The other day at my Tuesday night weekly drum lesson my teacher had showed me new polyrhythms to play. After watching him demonstrate for a couple of minutes, I turned to the drum kit and with my eyes closed tried to “feel” my way through the exercise. He stopped me midway and said something like, “You should really keep your eyes open when you practice. You wouldn’t go to a gig and close your eyes. You have to be fully aware of your surroundings; know what’s really happening so you clearly understand how it all comes together with the other players.” And of course I saw the metaphor in that example.

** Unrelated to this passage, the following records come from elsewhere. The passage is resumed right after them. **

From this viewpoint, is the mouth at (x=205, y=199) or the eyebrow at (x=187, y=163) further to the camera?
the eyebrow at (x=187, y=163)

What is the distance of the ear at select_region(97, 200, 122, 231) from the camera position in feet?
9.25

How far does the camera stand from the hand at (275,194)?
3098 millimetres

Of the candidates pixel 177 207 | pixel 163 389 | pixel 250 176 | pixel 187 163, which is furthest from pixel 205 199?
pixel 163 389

In the Soto-Zen practice of Zazen (sitting meditation), we sit with our eyes mostly closed, but still slightly open. Although I’m typically facing a wall and the downward gaze is soft and my vision heavily blurred, I can’t help but be reminded that there is a world outside myself. It can be safe to close my eyes where I can be sleepy and warm and cozy in my own little world, but the reality is that I’m not alone. We are not alone. We live among billions of people. Sometimes it’s a good thing to really open our eyes and see outside our iPods, Cars, phones, offices, cubicles, homes, books and whatever other “pods of safety” you choose to use so you don’t have deal with others. Don’t get me wrong, I like all that stuff as much as the next gal. But at the end of the day, I think I’d prefer to see the connection for what it really is and try to understand how it all comes together with the other players. Maybe I will end up making a good drummer after all.

The Zenful Blogger

4 thoughts on “Day 114 (Day 16) of The Middle Path Makeover – Open Your Eyes

  1. I’m loving your blog Leah, and thank you so much for putting your thoughts, observations and reflections out there : )

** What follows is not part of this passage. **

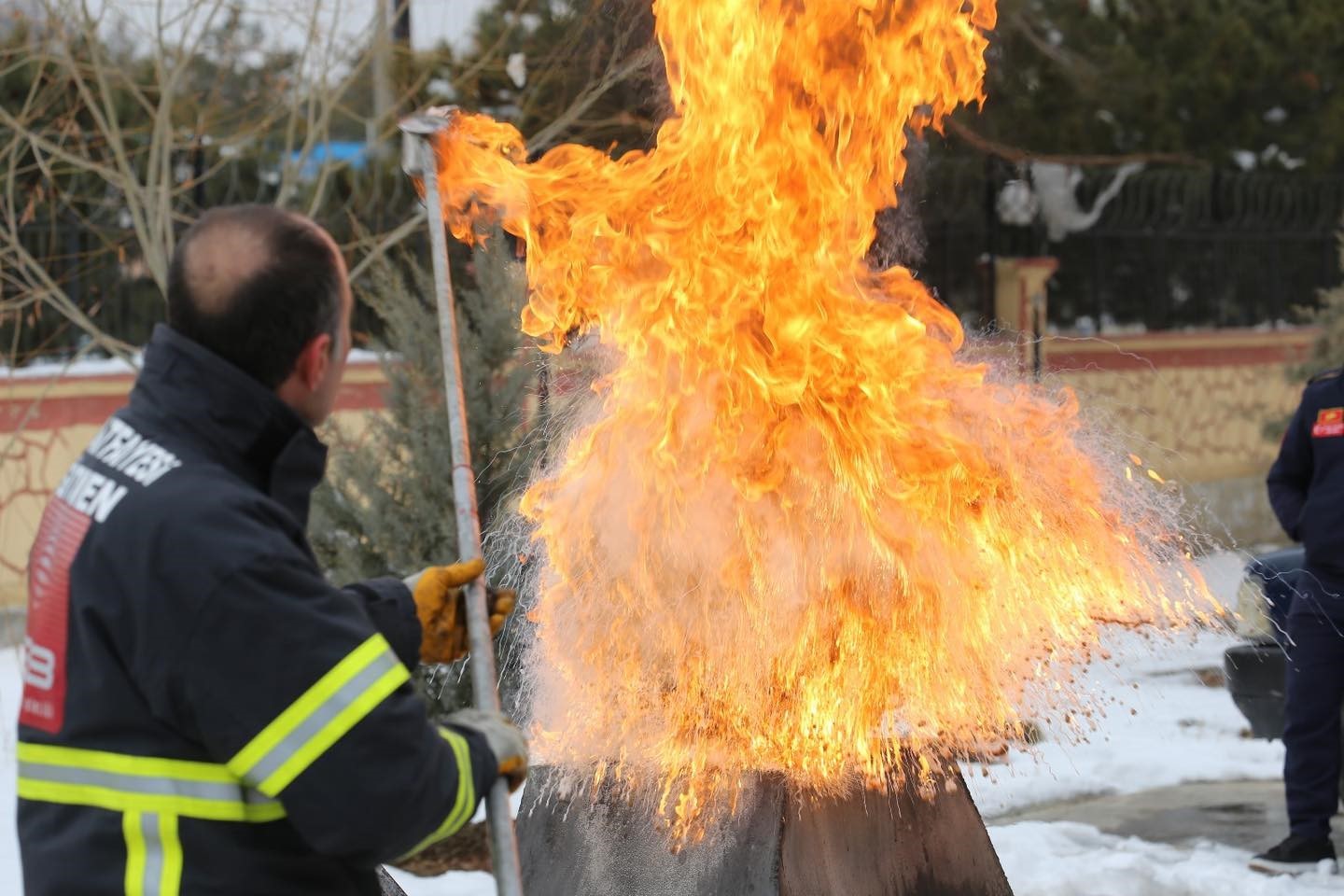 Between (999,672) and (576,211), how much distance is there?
1.74 meters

    I love the metaphor of drumming with your eyes open. I find that true for me in my daily morning walks to casual carpool. Instead of zoning out with my iPod, its always more satisfying to just observe my sourroundings: the trees, the sky, the details of a garden Iight pass along the way.

    To visually engage with your surroundings can be a powerful meditation in itself, whether it’s a stroll through the city streets, or when your pounding out those paradidles ; )

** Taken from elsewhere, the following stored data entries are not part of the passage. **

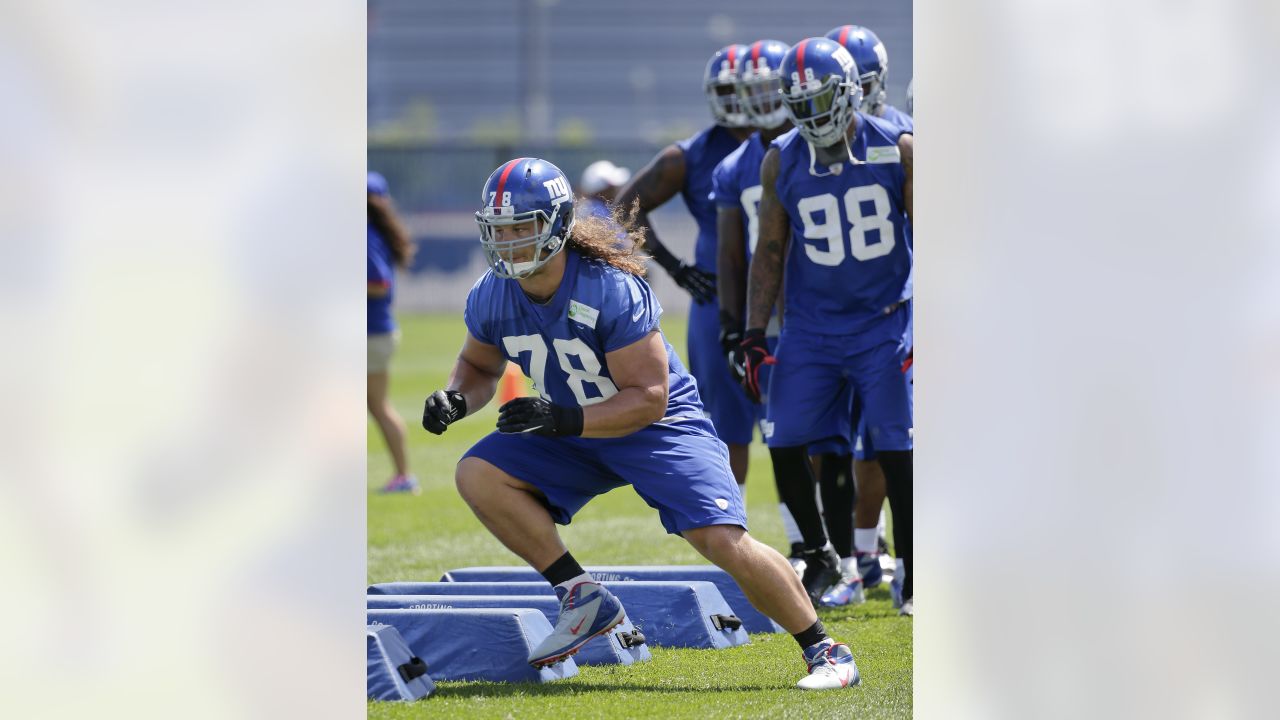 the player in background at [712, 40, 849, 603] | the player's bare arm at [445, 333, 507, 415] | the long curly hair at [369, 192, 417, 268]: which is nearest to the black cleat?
the player in background at [712, 40, 849, 603]

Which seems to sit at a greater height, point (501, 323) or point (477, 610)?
point (501, 323)

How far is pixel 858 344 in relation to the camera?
217 inches

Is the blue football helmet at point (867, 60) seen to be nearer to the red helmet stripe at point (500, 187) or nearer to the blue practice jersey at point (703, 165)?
the blue practice jersey at point (703, 165)

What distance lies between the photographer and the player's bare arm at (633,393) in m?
4.22

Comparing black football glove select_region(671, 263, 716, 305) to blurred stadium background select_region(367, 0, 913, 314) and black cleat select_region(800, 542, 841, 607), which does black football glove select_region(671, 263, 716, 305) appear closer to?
black cleat select_region(800, 542, 841, 607)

    Thanks for the inspiration.

    namaste

  2. A while back I noticed I would always “hide” behind my phone while on the bus or in an elevator. I tried forcing myself not to–I’d be responsive to people if we “accidentally” made eye contact, and would sometimes even start up a conversation. I’ve felt so much lighter and happier afterwards! I’ts rather liberating. Plus, quick conversations with strangers can get quite interesting!